Each line below should be repeated exactly, but no picture should be carried over.

--- GIVEN RECORDS Enclosed Below ---

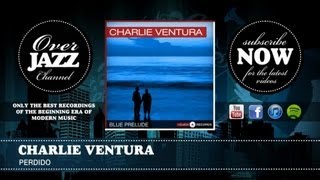 Charlie Ventura - Perdido (1950)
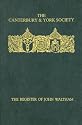Register of John Waltham, Bishop of Salisbury 1388-1395 (Canterbury & York Society)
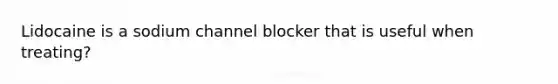 Lidocaine is a sodium channel blocker that is useful when treating?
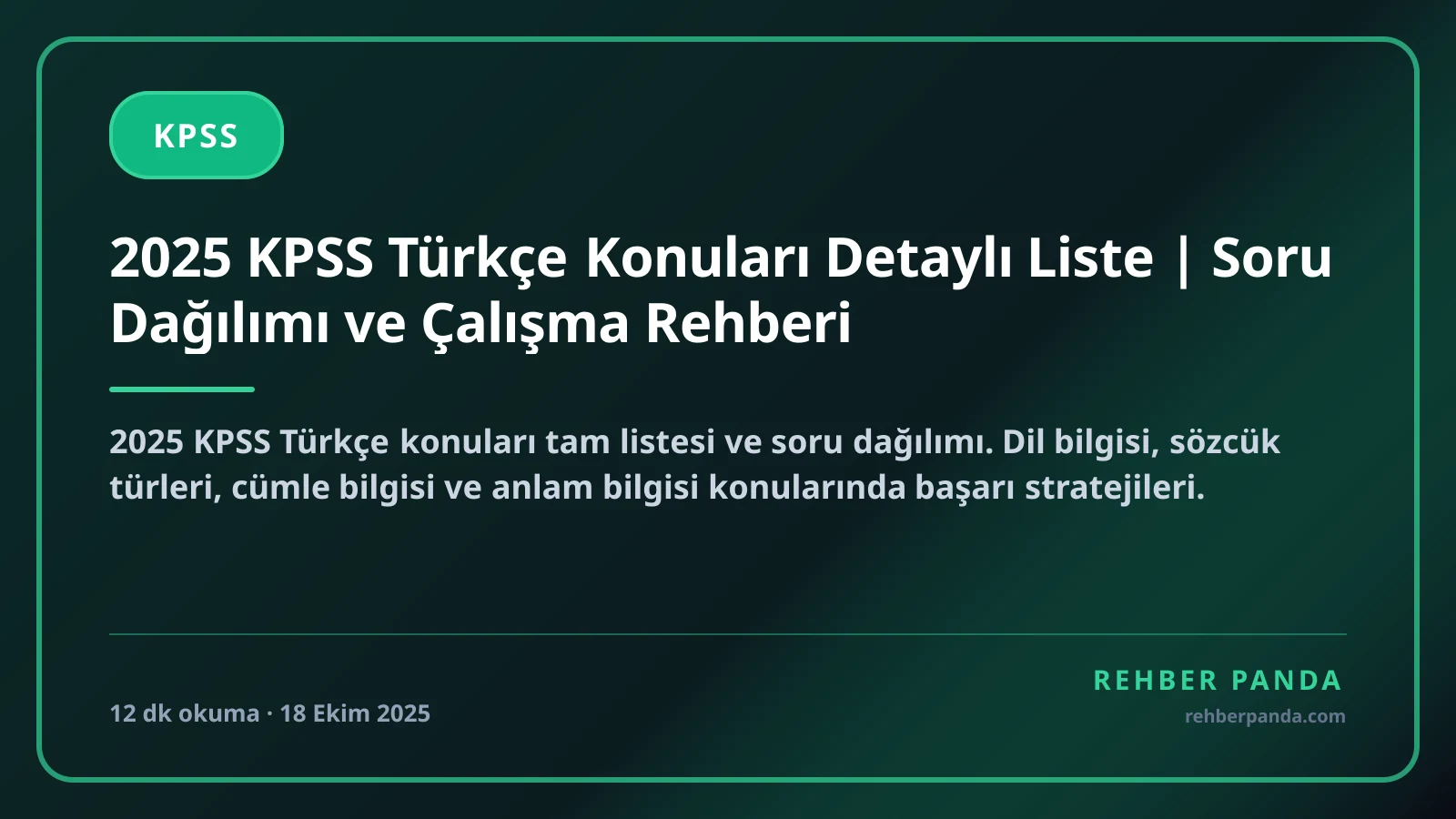 2025 KPSS Türkçe Konuları Detaylı Liste | Soru Dağılımı ve Çalışma Rehberi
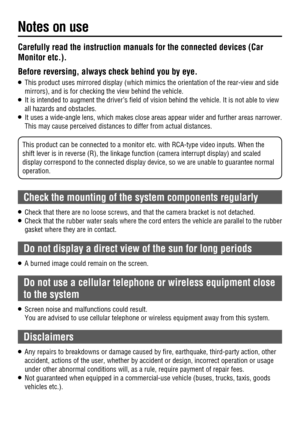 Page 8 Carefully read the instruction manuals for the connected devices (Car 
Monitor etc.).
 Before reversing, always check behind you by eye.
O   This product uses mirrored display (which mimics the orientation of the rear-view and side 
mirrors), and is for checking the view behind the vehicle.
O   It is intended to augment the driver’s ﬁ eld of vision behind the vehicle. It is not able to view 
all hazards and obstacles.
O   It uses a wide-angle lens, which makes close areas appear wider and further areas...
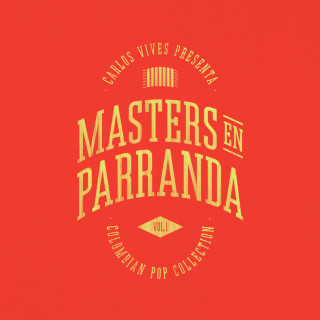 Carlos Vives - Masters En Parranda (Colombian Pop Collection) EP cover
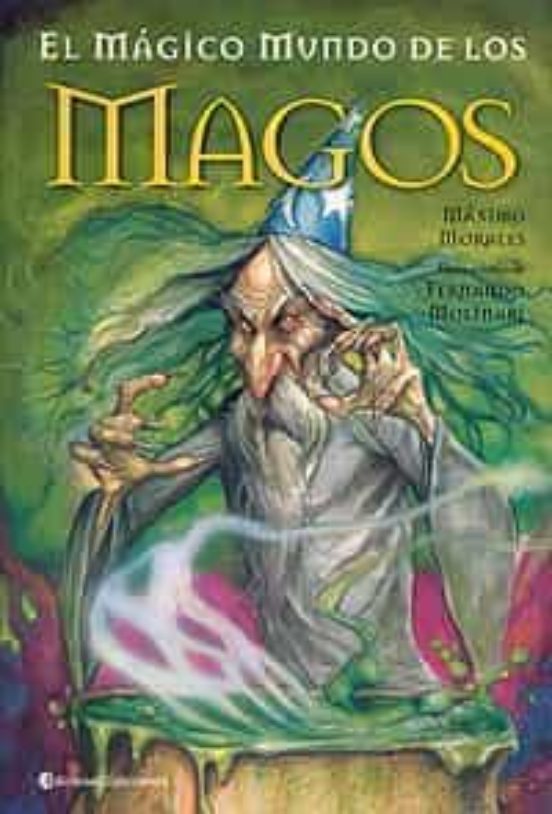 El Magico Mundo De Los Magos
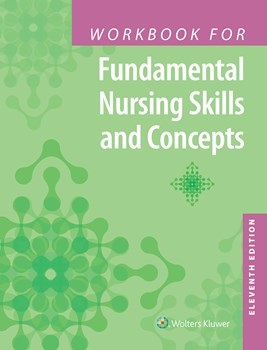 Workbook for Fundamental Nursing Skills & Concepts,11th ed.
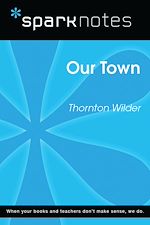 Download this eBook Our Town (SparkNotes Literature Guide)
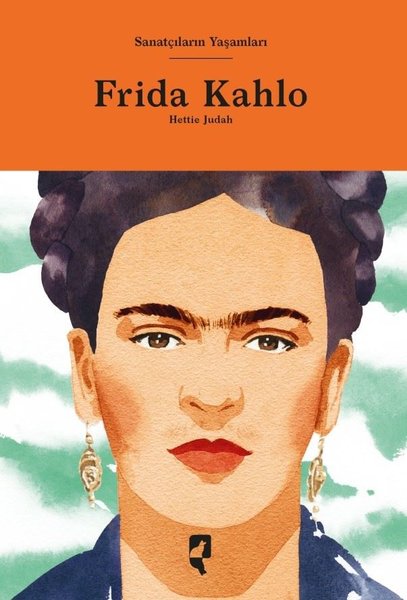 Frida Kahlo - Sanatçıların Yaşamları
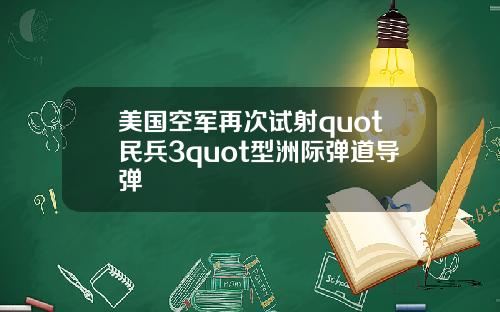 美国空军再次试射quot民兵3quot型洲际弹道导弹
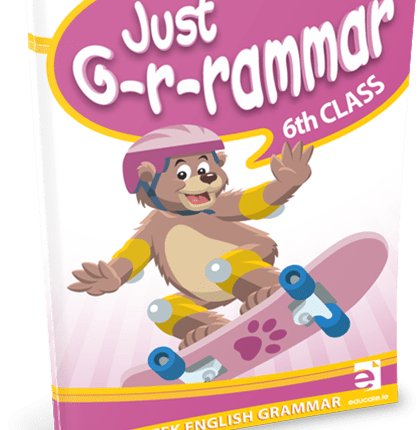 9781912239573 Just Grammar - 6th Class Educate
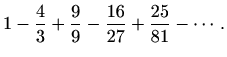 $\displaystyle 1-\frac{4}{3}+\frac{9}{9}-\frac{16}{27}+\frac{25}{81}-\cdots.$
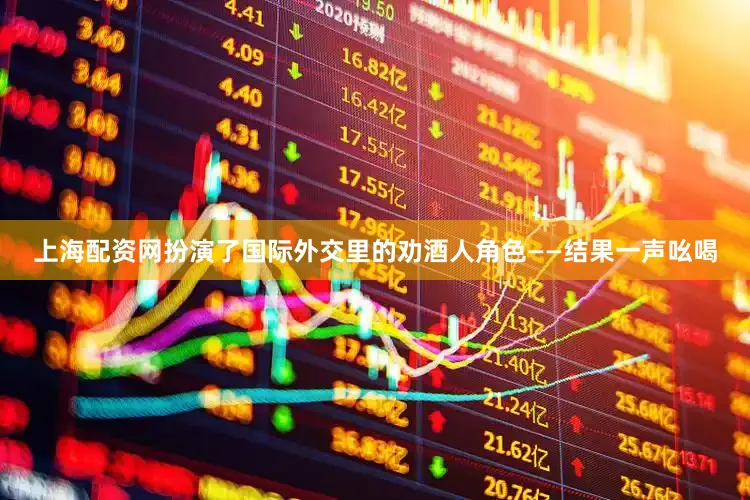 上海配资网扮演了国际外交里的劝酒人角色——结果一声吆喝
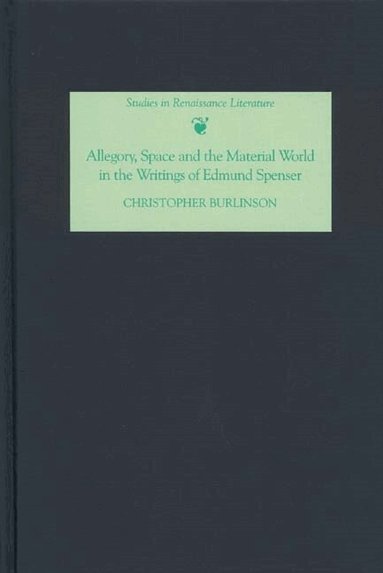 Christopher Burlinson - Allegory, Space and the Material World in the Writings of Edmund Spenser, Inbunden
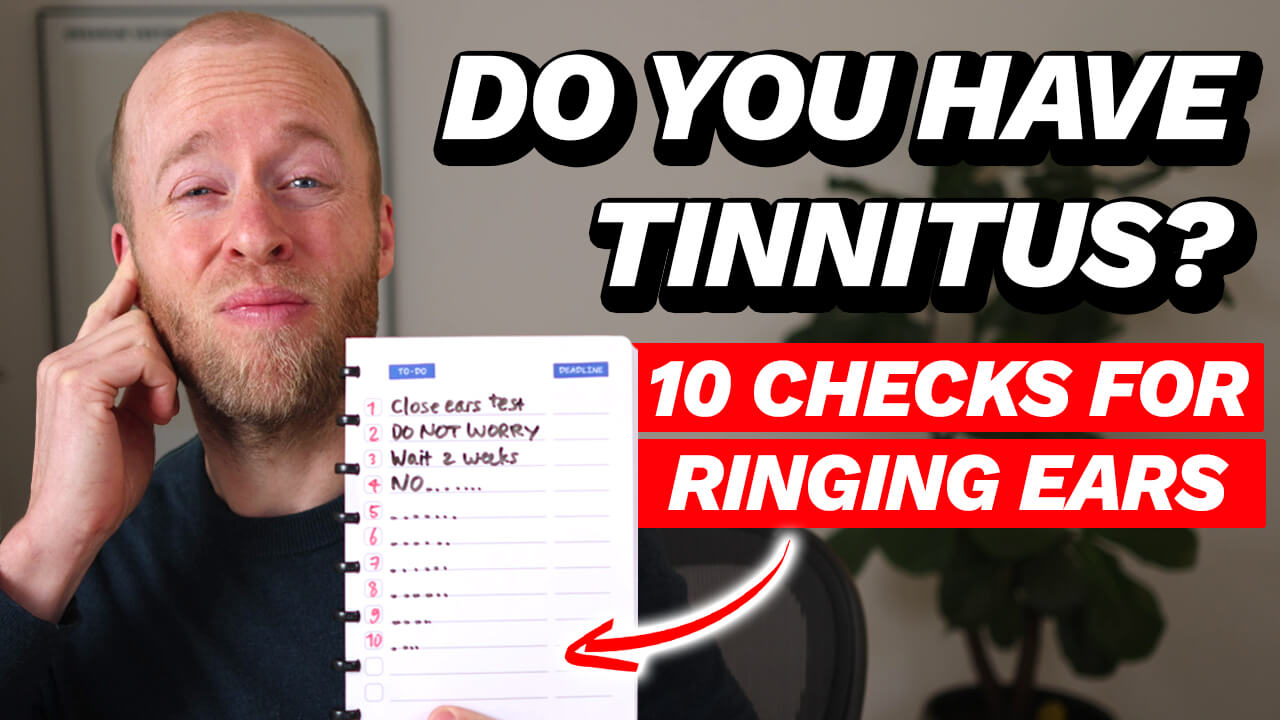 Do You Have Tinnitus? 10 Checks For Ringing Ears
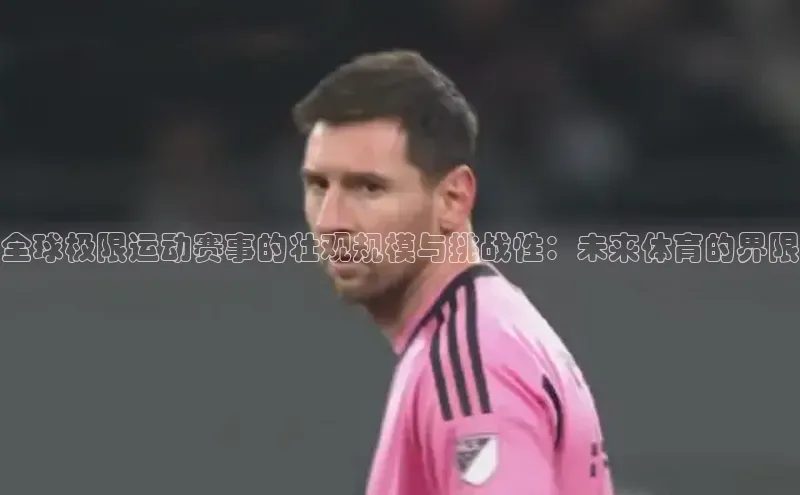 全球极限运动赛事的壮观规模与挑战性：未来体育的界限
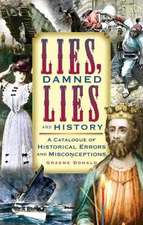 Lies, Damned Lies and History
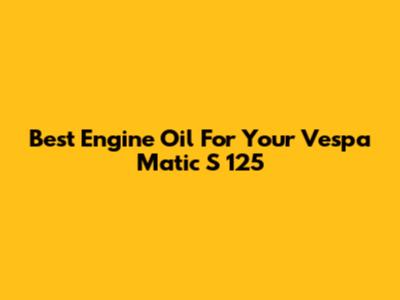 Best Engine Oil For Your Vespa Matic S 125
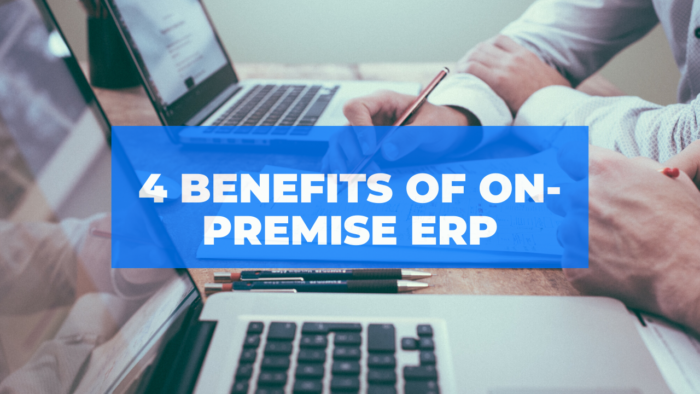 Four Benefits Of On-Premise ERP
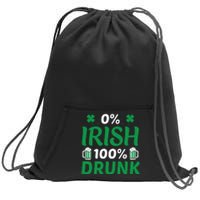 0 Irish 100 Percent Drunk Funny St Pattys Day Sweatshirt Cinch Pack Bag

--- End of Enclosed GIVEN RECORDS ---

ANSWER BOX:
 Charlie Ventura - Perdido (1950)
Register of John Waltham, Bishop of Salisbury 1388-1395 (Canterbury & York Society)
 Lidocaine is a sodium channel blocker that is useful when treating?
 2025 KPSS Türkçe Konuları Detaylı Liste | Soru Dağılımı ve Çalışma Rehberi
 Page 8 Carefully read the instruction manuals for the connected devices (Car 
Monitor etc.).
 Before reversing, always check behind you by eye.
O   This product uses mirrored display (which mimics the orientation of the rear-view and side 
mirrors), and is for checking the view behind the vehicle.
O   It is intended to augment the driver’s ﬁ eld of vision behind the vehicle. It is not able to view 
all hazards and obstacles.
O   It uses a wide-angle lens, which makes close areas appear wider and further areas...
 Carlos Vives - Masters En Parranda (Colombian Pop Collection) EP cover
 El Magico Mundo De Los Magos
 Workbook for Fundamental Nursing Skills & Concepts,11th ed.
 Download this eBook Our Town (SparkNotes Literature Guide)
 Frida Kahlo - Sanatçıların Yaşamları
 美国空军再次试射quot民兵3quot型洲际弹道导弹
 9781912239573 Just Grammar - 6th Class Educate
 $\displaystyle 1-\frac{4}{3}+\frac{9}{9}-\frac{16}{27}+\frac{25}{81}-\cdots.$
 上海配资网扮演了国际外交里的劝酒人角色——结果一声吆喝
 Christopher Burlinson - Allegory, Space and the Material World in the Writings of Edmund Spenser, Inbunden
 Do You Have Tinnitus? 10 Checks For Ringing Ears
 全球极限运动赛事的壮观规模与挑战性：未来体育的界限
 Lies, Damned Lies and History
 Best Engine Oil For Your Vespa Matic S 125
 Four Benefits Of On-Premise ERP
 0 Irish 100 Percent Drunk Funny St Pattys Day Sweatshirt Cinch Pack Bag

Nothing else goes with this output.